● Material shown

----

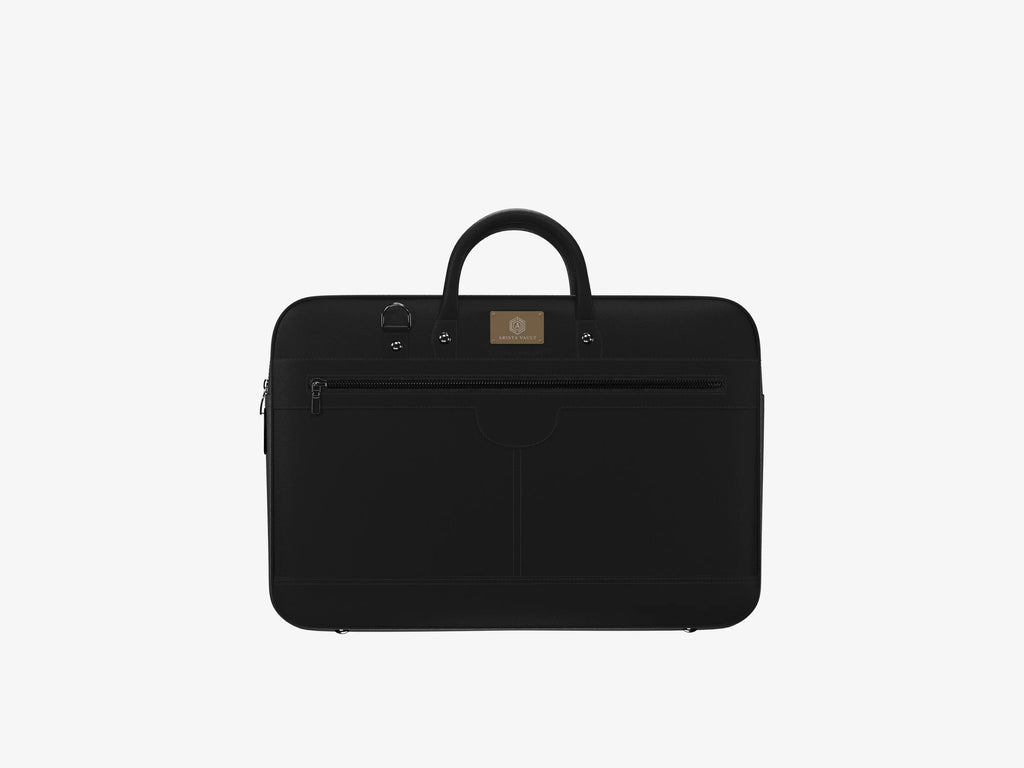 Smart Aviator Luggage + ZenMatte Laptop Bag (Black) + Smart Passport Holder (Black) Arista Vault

----

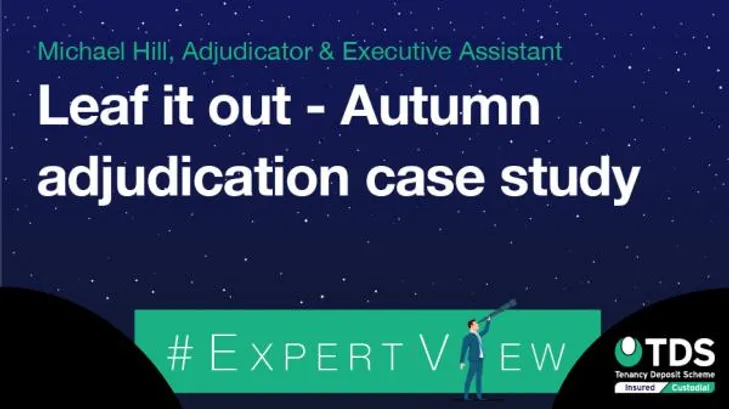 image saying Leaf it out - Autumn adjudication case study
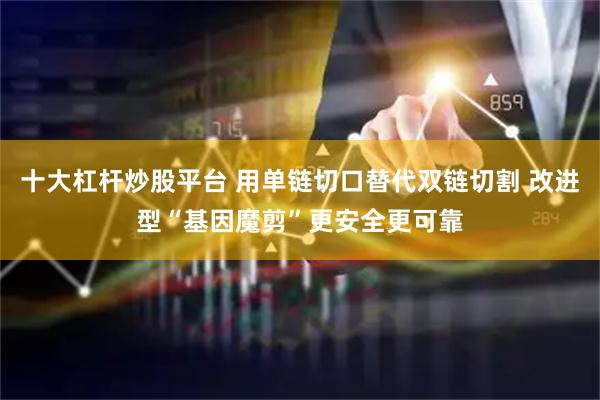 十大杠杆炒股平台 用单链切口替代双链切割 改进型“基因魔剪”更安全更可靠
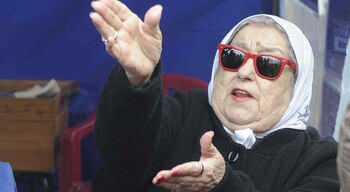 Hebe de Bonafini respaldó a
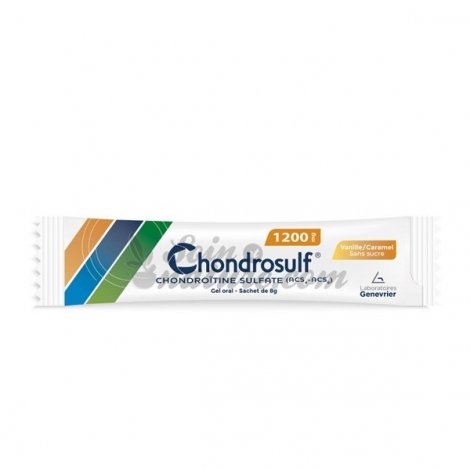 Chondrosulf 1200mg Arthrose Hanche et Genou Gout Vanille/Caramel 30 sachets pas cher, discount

----

● Problem requirements
Start with the line with "Hebe de Bonafini respaldó a" in the listing above and stop after the line with "Chondrosulf 1200mg Arthrose". Write out exactly the lines in that stretch and no others, without pictures.

● Answer space
 Hebe de Bonafini respaldó a
 Chondrosulf 1200mg Arthrose Hanche et Genou Gout Vanille/Caramel 30 sachets pas cher, discount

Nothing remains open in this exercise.